## WHAT YOU ARE ASKED TO DO
What is needed is an exact copy of the lines from the one containing "Pangsapuri Akasia, Bandar Botanic" through the last line of the records below, with no pictures.

## AVAILABLE RECORDS
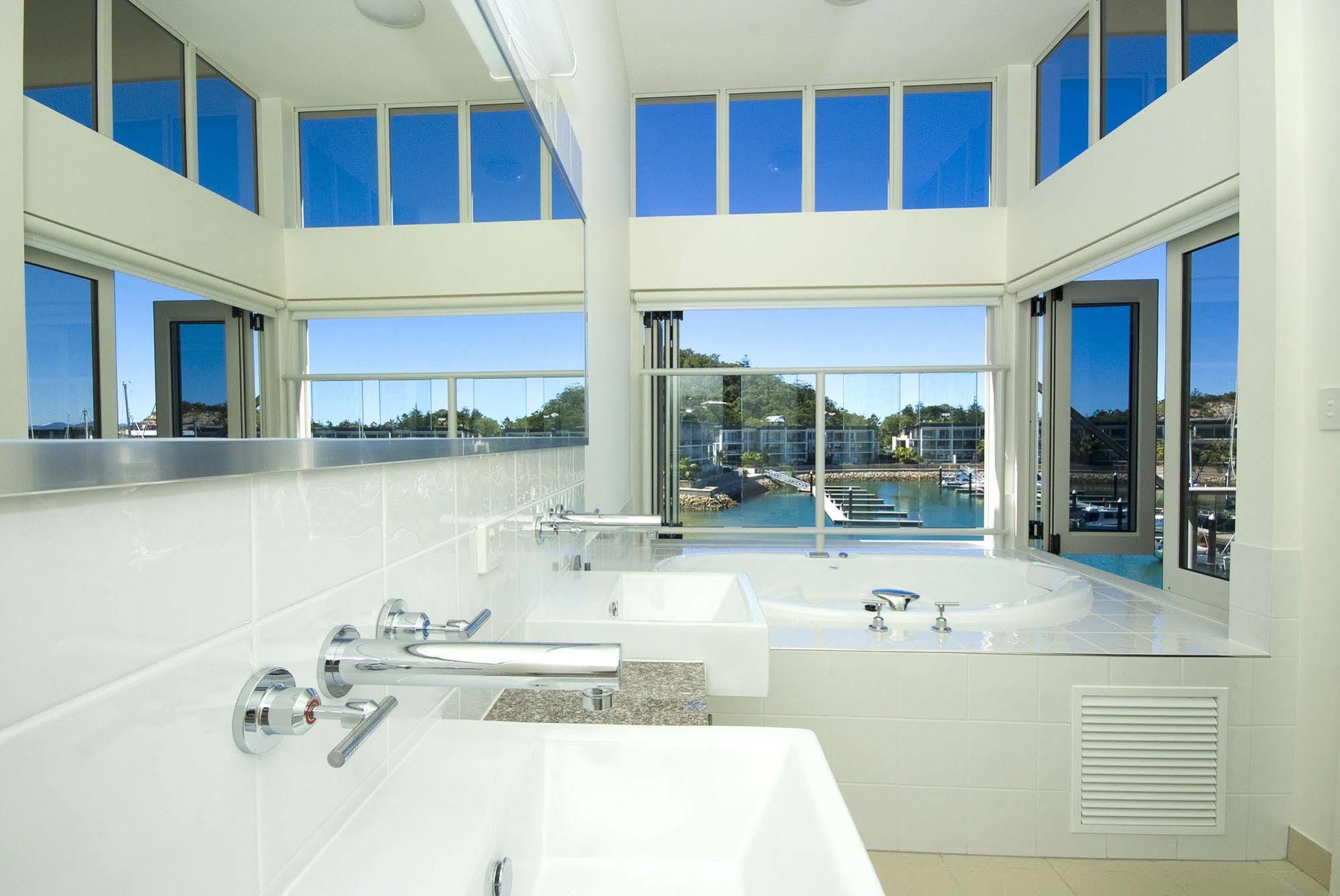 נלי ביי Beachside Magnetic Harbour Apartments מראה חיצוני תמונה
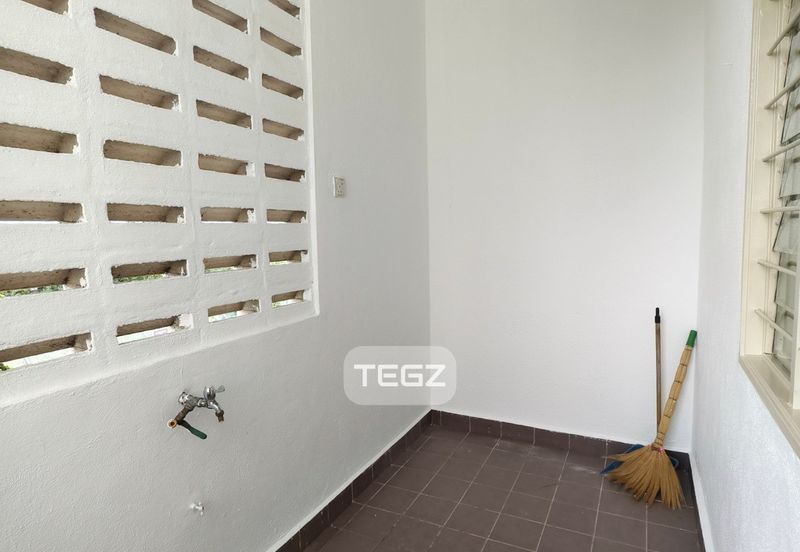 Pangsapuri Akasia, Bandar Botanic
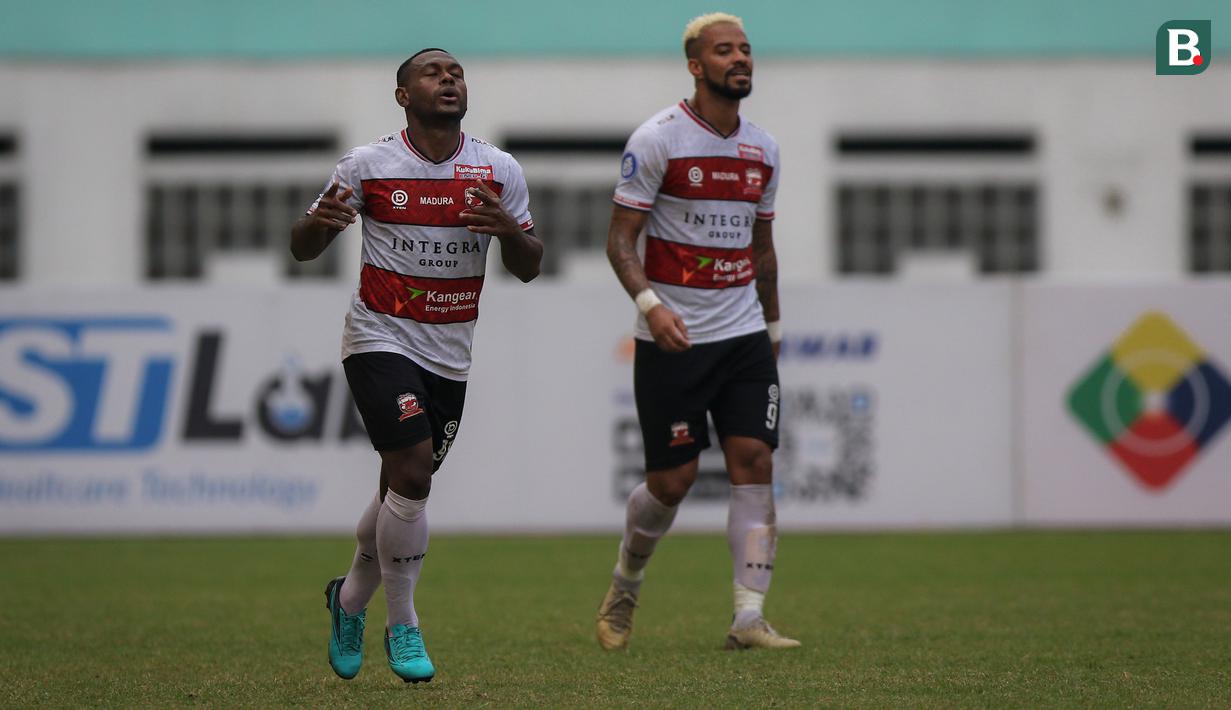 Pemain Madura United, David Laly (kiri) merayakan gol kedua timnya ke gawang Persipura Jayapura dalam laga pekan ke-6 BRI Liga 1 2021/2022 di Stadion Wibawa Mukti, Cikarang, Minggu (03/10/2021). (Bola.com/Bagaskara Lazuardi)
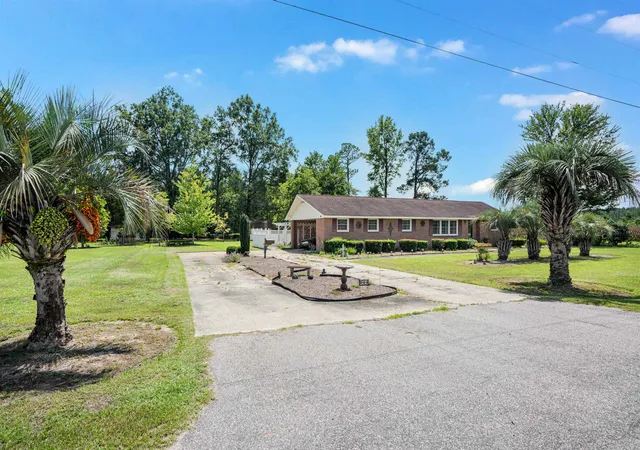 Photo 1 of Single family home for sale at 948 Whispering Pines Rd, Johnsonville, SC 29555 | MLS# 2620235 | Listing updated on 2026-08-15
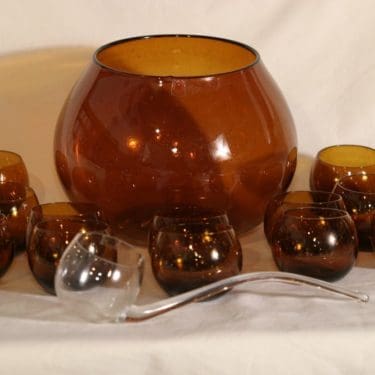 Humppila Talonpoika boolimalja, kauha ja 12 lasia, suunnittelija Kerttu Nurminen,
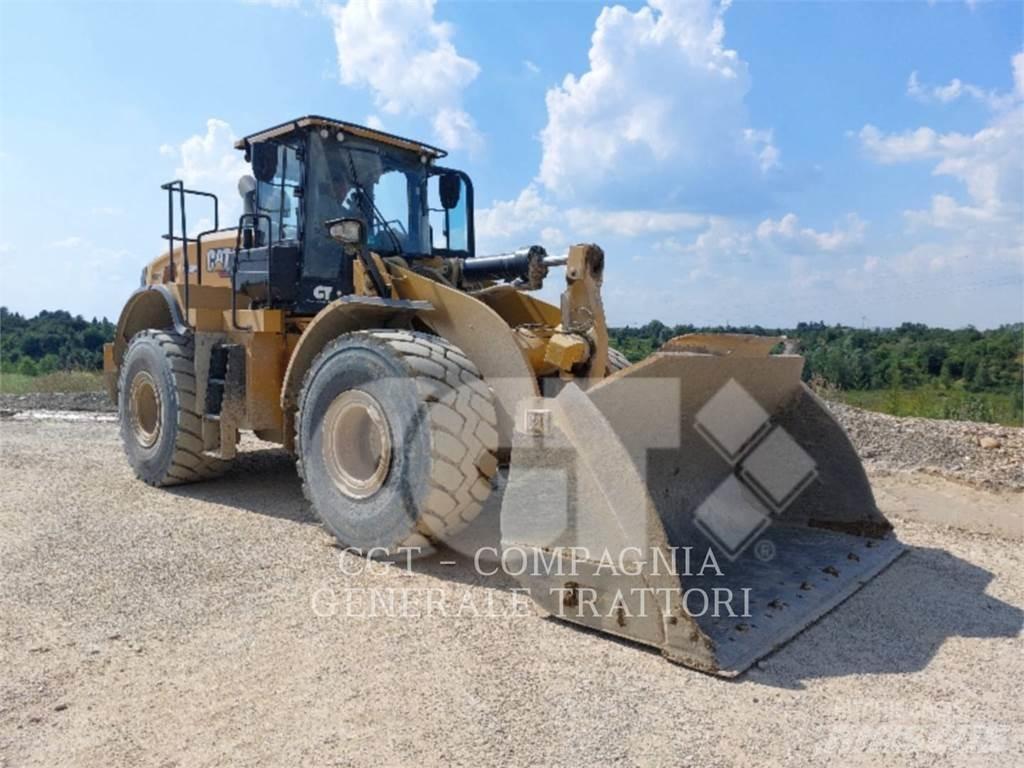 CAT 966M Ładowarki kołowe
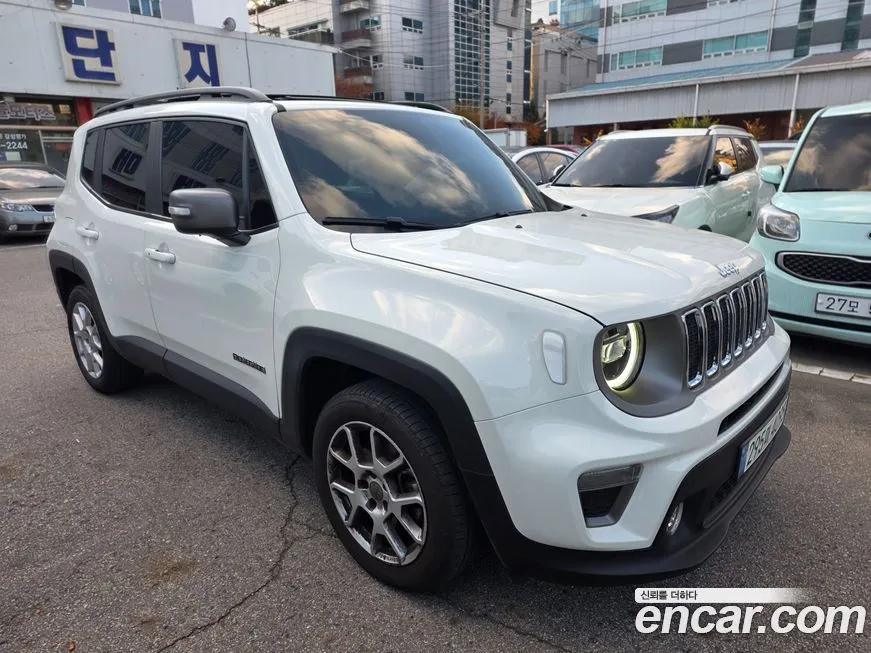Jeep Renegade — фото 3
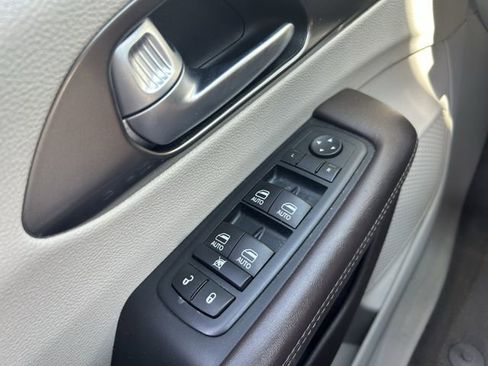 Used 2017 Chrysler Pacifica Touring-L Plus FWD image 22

## ANSWER TO THE PROBLEM
 Pangsapuri Akasia, Bandar Botanic
 Pemain Madura United, David Laly (kiri) merayakan gol kedua timnya ke gawang Persipura Jayapura dalam laga pekan ke-6 BRI Liga 1 2021/2022 di Stadion Wibawa Mukti, Cikarang, Minggu (03/10/2021). (Bola.com/Bagaskara Lazuardi)
 Photo 1 of Single family home for sale at 948 Whispering Pines Rd, Johnsonville, SC 29555 | MLS# 2620235 | Listing updated on 2026-08-15
 Humppila Talonpoika boolimalja, kauha ja 12 lasia, suunnittelija Kerttu Nurminen,
 CAT 966M Ładowarki kołowe
Jeep Renegade — фото 3
 Used 2017 Chrysler Pacifica Touring-L Plus FWD image 22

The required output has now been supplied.